--- THE DATA ---
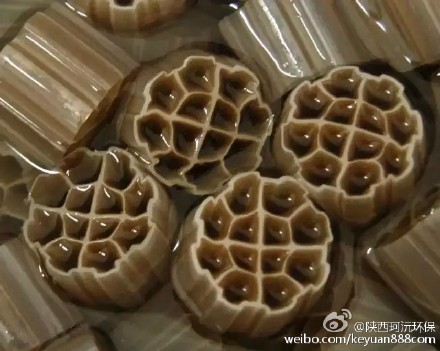污水處理工藝之“MBBR /IFAS”技術(shù)發(fā)展探討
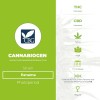 Panama Regular (Cannabiogen) - The Cannabis Seedbank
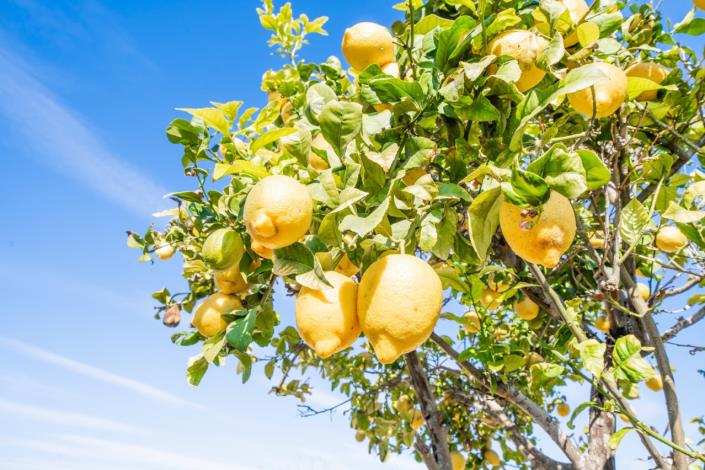 Image No.57-Villa de 3 chambres à vendre à La Marina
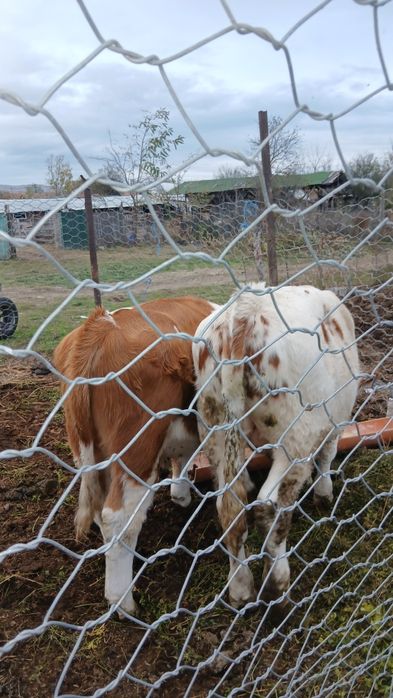 Vitei      de   vanzare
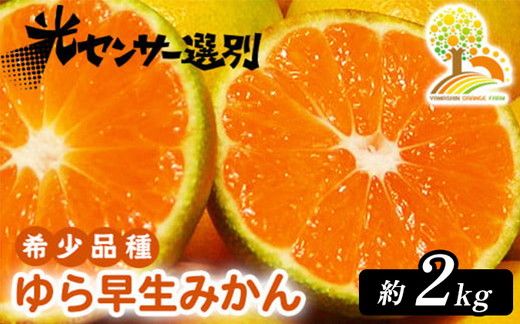 【先行予約】ゆら早生 みかん 濃厚な味わい 約2kg 希少品種《有機質肥料100％》極早生 ｜ 由良 ゆら 早生 わせ 柑橘 果物 くだもの フルーツ 和歌山 有田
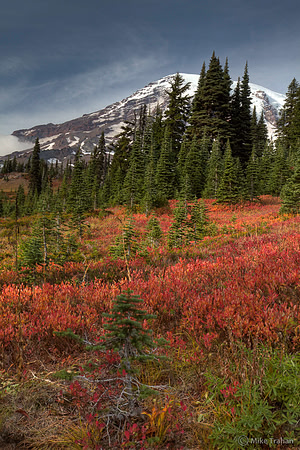 Mt. Rainier in the Fall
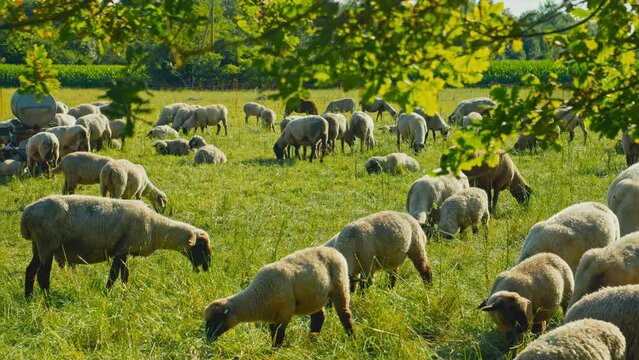 Wide shot of a herd of sheep grazing in green fields, perfect for agricultural or nature-themed projects seeking an endearing touch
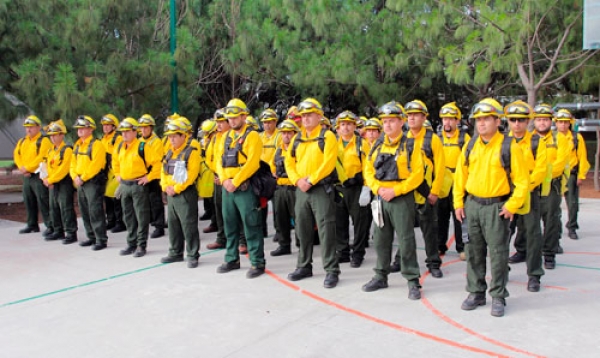 Por segundo  año  consecutivo  México  apoya  a  Canadá  en  el  combate a incendios forestales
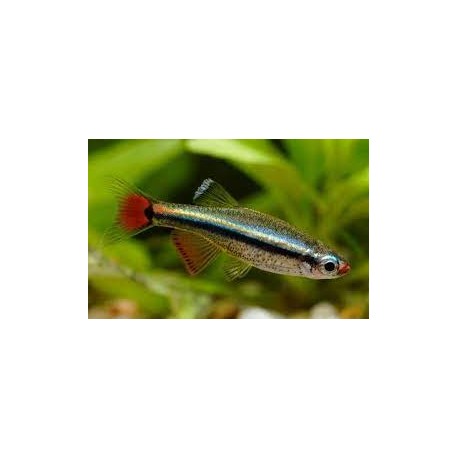 Tanichthys albonubes. Neon Chino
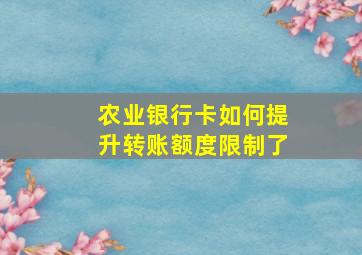 农业银行卡如何提升转账额度限制了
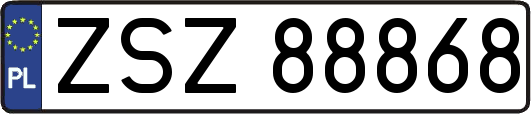 ZSZ88868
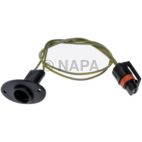 License Plate Light Socket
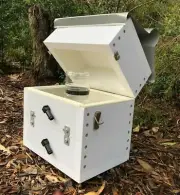 Stingless Native Beehive Side Entry OATH Bee Hive Perspex Viewing Honey Jar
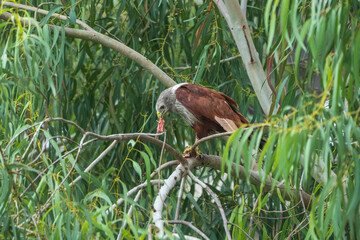 Brahminy kite is eating chicken head perching in a tree branch.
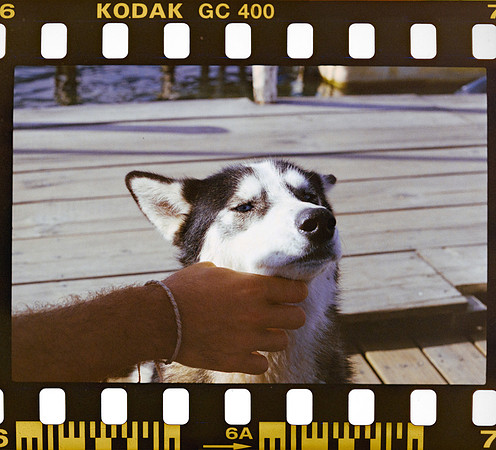 08 Yasemin Topcan - Kodak Ultramax 400 por Arca Film Lab (Octubre 2024) - Rollo 0391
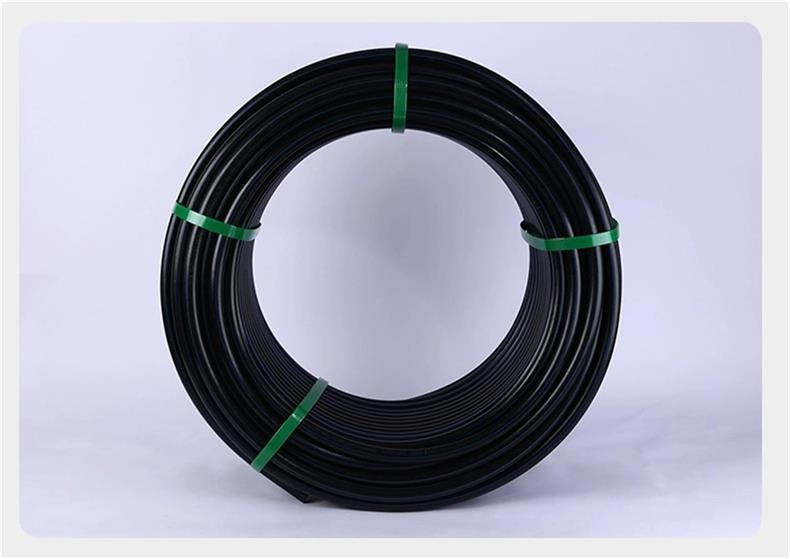 香港六和资料大会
---
§ TASK TO COMPLETE
Ending at the line with "Wide shot of", reproduce exactly the lines that begin at the top of the data, and include no pictures.

§ ANSWER BOX
污水處理工藝之“MBBR /IFAS”技術(shù)發(fā)展探討
 Panama Regular (Cannabiogen) - The Cannabis Seedbank
 Image No.57-Villa de 3 chambres à vendre à La Marina
 Vitei      de   vanzare
 【先行予約】ゆら早生 みかん 濃厚な味わい 約2kg 希少品種《有機質肥料100％》極早生 ｜ 由良 ゆら 早生 わせ 柑橘 果物 くだもの フルーツ 和歌山 有田
 Mt. Rainier in the Fall
 Wide shot of a herd of sheep grazing in green fields, perfect for agricultural or nature-themed projects seeking an endearing touch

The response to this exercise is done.